The data section start

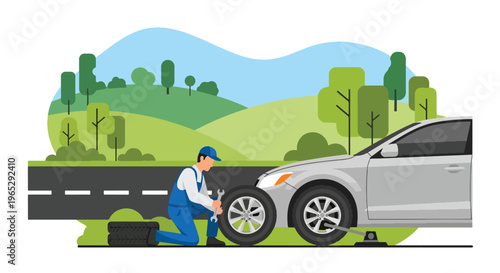 Flat style vector illustration of auto mechanic changing car tire in garage service station, roadside assistance and vehicle maintenance concept in clean modern vector style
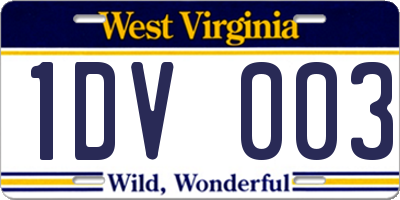 WV license plate 1DV003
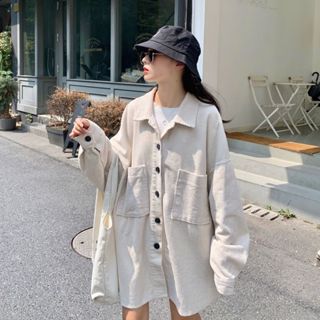 【現*貨】佰分佰/150kg內可穿/秋冬款/韓版/燈芯絨長袖外套/風衣外套/寬鬆/顯瘦上衣/素色/大尺碼外套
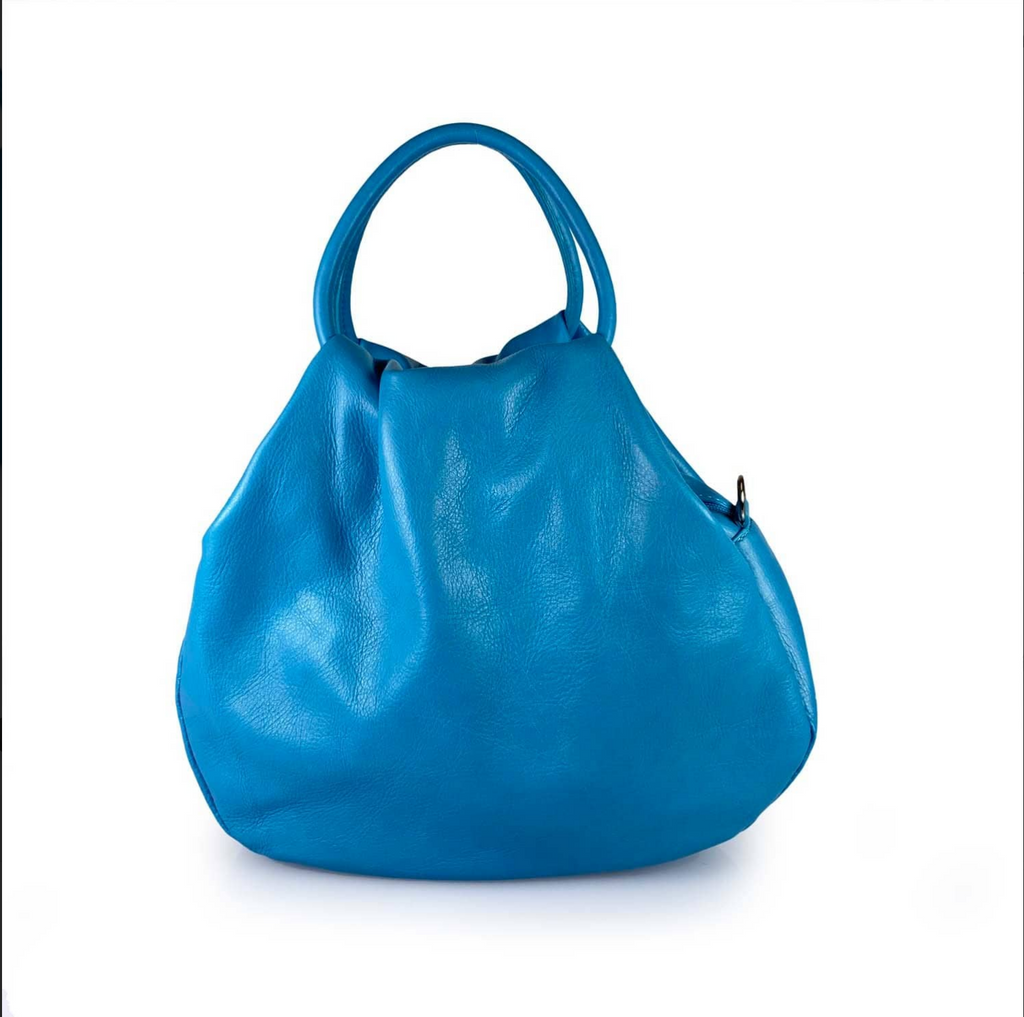 (55C061) Sac à Main Cuir Véritable Forme Arrondie avec Fermoir Circulaire Doré - Design Contemporain Italien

The data section end

» **Exercise description**: The line containing "WV license plate 1DV003" and every line after it, through the end of the data, are to be output exactly. Omit the pictures.

» **Solution for this problem**:
 WV license plate 1DV003
 【現*貨】佰分佰/150kg內可穿/秋冬款/韓版/燈芯絨長袖外套/風衣外套/寬鬆/顯瘦上衣/素色/大尺碼外套
 (55C061) Sac à Main Cuir Véritable Forme Arrondie avec Fermoir Circulaire Doré - Design Contemporain Italien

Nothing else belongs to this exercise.